GlareDB / glaredb

GlareDB: An analytics DBMS for distributed data
https://glaredb.com
GNU Affero General Public License v3.0
637 stars 36 forks source link

data source from JSON array data #2218

Closed tychoish closed 6 months ago

tychoish commented 9 months ago

Presently, we have ndjson support for reading files and endpoints with new-line delimited json. This is great for dealing with files that store sequences or streams of document-structured data; however, many JSON API's return sequences of documents as members of a JSON array, and we should add support for accessing these kinds of data sources, which will help connect GlareDB with potential users who have json data from other sources.

Components

I've just split aspects out into components.

Semantics

Future Work

Lilit0x commented 9 months ago

Hi there, @tychoish. This is interesting and I'd like to work on it, but I have some questions mostly on the semantics.

universalmind303 commented 9 months ago

potential duplicate of https://github.com/GlareDB/glaredb/issues/2028

tychoish commented 9 months ago

On the schema inference, won't it be an overhead to read all the elements in the array to form a superset of the documents, before then actually processing the data?

I thought this too initially, but because of these JSON documents need to be read into memory entirely, I don't think that there's much to be won by doing it parallel or overthinking it at least in the beginning. (we can think about optimizing this in different ways in the future but for now I think it's fine to read these documents into maps of strings to serde_json::Value objects. Once the documents are all stored in maps we have a lot of options for iterating things.

(I think we should start with the n configurable docs and inferring the schema from those).

Let's start with doing them all for now since they're all going to be in memory, and doing two passes probably isn't going to matter.

I also think that we should probably not allow/support pagination.

My question is this, why not type cast the value to the already recorded type? What I mean is that since city is already known to be a string, any value of city that deviates from that should be typecasted to a string too.

The problem with this is that it's sort of order-dependent: what happens if we read the documents in a different order? Which one do we pick?

"nested data structures". I don't understand your point here.

I was thinking about the services field in these documents. You could imagine also sub-documents.

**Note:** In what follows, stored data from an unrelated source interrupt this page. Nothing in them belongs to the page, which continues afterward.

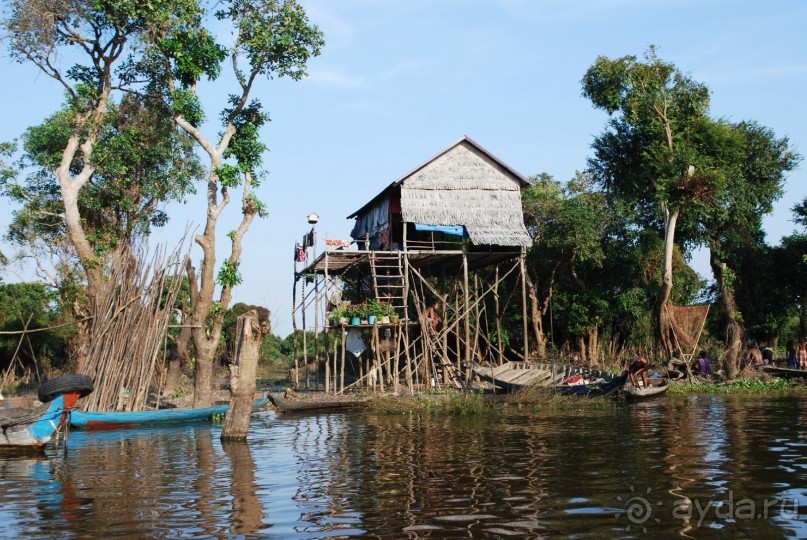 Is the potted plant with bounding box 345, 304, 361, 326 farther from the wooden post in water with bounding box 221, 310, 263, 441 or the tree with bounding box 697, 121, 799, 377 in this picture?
the tree with bounding box 697, 121, 799, 377

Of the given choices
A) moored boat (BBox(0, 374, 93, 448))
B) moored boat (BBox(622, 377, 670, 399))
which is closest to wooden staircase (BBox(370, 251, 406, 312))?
moored boat (BBox(622, 377, 670, 399))

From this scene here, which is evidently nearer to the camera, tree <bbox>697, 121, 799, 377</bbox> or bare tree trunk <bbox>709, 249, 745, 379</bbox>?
bare tree trunk <bbox>709, 249, 745, 379</bbox>

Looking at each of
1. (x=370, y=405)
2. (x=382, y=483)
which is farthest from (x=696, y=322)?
(x=382, y=483)

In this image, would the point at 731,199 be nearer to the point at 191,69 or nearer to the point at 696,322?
the point at 696,322

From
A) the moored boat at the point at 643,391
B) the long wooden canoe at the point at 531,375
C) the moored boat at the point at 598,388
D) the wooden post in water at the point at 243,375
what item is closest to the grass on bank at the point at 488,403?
the moored boat at the point at 598,388

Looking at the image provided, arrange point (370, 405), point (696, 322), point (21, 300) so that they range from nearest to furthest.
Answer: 1. point (370, 405)
2. point (696, 322)
3. point (21, 300)

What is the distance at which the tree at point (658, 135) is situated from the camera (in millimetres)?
25625

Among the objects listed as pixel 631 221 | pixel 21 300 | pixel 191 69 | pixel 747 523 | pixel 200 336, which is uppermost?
pixel 191 69

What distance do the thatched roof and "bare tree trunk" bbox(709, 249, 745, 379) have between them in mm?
7130

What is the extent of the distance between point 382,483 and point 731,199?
874 inches

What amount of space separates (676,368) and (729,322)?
10.0 feet

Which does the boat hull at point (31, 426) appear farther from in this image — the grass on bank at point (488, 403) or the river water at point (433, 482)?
the grass on bank at point (488, 403)

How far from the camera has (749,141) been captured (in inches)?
1161

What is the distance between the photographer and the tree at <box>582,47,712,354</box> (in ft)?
84.1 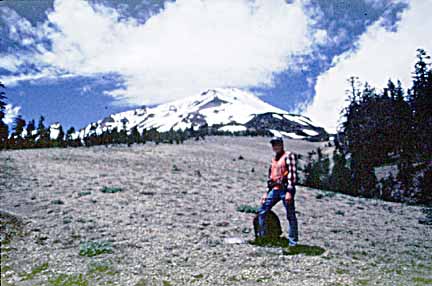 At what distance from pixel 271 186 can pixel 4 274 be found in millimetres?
4607

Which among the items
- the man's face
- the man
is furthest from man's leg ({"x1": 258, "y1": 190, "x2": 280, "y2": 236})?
the man's face

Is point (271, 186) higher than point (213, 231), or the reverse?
point (271, 186)

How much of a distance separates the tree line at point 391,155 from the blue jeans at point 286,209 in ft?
36.0

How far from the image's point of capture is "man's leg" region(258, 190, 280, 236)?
23.3ft

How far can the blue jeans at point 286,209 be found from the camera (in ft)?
22.0

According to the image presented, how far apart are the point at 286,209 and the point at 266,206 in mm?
628

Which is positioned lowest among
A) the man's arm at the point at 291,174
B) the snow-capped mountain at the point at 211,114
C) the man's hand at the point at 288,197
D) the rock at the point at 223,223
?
the rock at the point at 223,223

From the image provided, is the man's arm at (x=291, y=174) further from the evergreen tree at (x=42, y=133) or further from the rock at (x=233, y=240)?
the evergreen tree at (x=42, y=133)

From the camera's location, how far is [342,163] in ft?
66.4

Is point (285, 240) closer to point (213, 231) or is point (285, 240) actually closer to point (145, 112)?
point (213, 231)

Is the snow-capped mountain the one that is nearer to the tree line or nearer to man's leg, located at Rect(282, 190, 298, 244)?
the tree line

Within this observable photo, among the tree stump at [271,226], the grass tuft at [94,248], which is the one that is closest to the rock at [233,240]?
the tree stump at [271,226]

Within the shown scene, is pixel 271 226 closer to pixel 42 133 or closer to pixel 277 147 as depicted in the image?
A: pixel 277 147

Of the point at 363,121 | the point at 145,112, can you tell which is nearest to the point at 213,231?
the point at 363,121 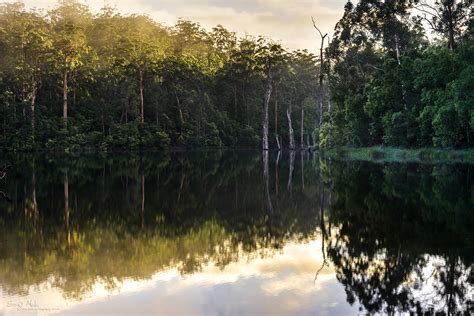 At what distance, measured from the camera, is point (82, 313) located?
A: 242 inches

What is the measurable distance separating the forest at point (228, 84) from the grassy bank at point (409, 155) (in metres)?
0.83

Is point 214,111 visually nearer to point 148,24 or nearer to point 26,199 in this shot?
point 148,24

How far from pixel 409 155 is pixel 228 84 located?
40.5 meters

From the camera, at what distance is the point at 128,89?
61.6 m

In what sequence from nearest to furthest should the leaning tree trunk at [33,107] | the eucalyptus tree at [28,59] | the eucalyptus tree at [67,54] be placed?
the leaning tree trunk at [33,107], the eucalyptus tree at [28,59], the eucalyptus tree at [67,54]

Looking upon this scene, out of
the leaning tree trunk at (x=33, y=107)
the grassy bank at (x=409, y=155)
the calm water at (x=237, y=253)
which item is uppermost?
the leaning tree trunk at (x=33, y=107)

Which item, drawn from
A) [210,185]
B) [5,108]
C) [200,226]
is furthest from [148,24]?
[200,226]

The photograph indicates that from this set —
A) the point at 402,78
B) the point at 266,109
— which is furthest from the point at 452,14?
the point at 266,109

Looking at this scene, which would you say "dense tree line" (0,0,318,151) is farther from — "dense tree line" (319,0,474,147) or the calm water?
the calm water

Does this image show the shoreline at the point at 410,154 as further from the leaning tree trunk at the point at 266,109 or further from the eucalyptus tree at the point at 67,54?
the eucalyptus tree at the point at 67,54

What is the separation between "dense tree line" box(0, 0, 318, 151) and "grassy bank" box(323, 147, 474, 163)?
26.3m

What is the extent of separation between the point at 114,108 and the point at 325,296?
192ft

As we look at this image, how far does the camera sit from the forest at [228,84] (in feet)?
124

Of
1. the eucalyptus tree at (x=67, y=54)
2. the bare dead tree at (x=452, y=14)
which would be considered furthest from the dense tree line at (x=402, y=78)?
the eucalyptus tree at (x=67, y=54) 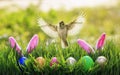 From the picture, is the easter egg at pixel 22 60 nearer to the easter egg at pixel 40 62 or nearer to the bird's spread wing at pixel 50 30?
the easter egg at pixel 40 62

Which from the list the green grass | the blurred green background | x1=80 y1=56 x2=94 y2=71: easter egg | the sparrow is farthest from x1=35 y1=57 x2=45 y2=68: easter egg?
the blurred green background

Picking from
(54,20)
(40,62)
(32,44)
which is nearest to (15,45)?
(32,44)

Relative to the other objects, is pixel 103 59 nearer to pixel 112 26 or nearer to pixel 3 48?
pixel 3 48

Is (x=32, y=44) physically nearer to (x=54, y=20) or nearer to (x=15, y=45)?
(x=15, y=45)

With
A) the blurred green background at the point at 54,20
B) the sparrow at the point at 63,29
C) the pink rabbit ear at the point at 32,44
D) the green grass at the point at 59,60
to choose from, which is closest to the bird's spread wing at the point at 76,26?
the sparrow at the point at 63,29

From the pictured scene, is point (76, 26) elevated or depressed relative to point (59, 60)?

{"station":"franklin ave", "services":["1","2","3","4","5","S"]}
{"station":"Broadway–Lafayette Street/Bleecker Street","services":["B","D","F","M","6"]}

Furthermore, should the inference be on all the documents that fall in the range of 0 and the maximum size specified? If yes, what if there are other additional elements in the remaining documents that fall out of the range?

I think when we're doing schema inference, I think we should ignore documents that fall outside of the range, though I'm perfectly happy to fall back to whatever the the ndjson handling does.

I think in general my preference is to start with not inferring schemas (read all elements), then having user-specified schema (fields and types), then having some kind of (effectively probabilistic) schema.

How to handle missing elements from documents, I assume the straight forward answer is that they'll be null?

Yeah, I think null for any missing value is fine. The one challenge is when writing a json document off of a schema that was created from a different JSON document, you can't round trip a "null" from the input document. My preference when writing rows from glaredb to JSON is to just omit fields from documents that are null. We should document this, but I think it's fine.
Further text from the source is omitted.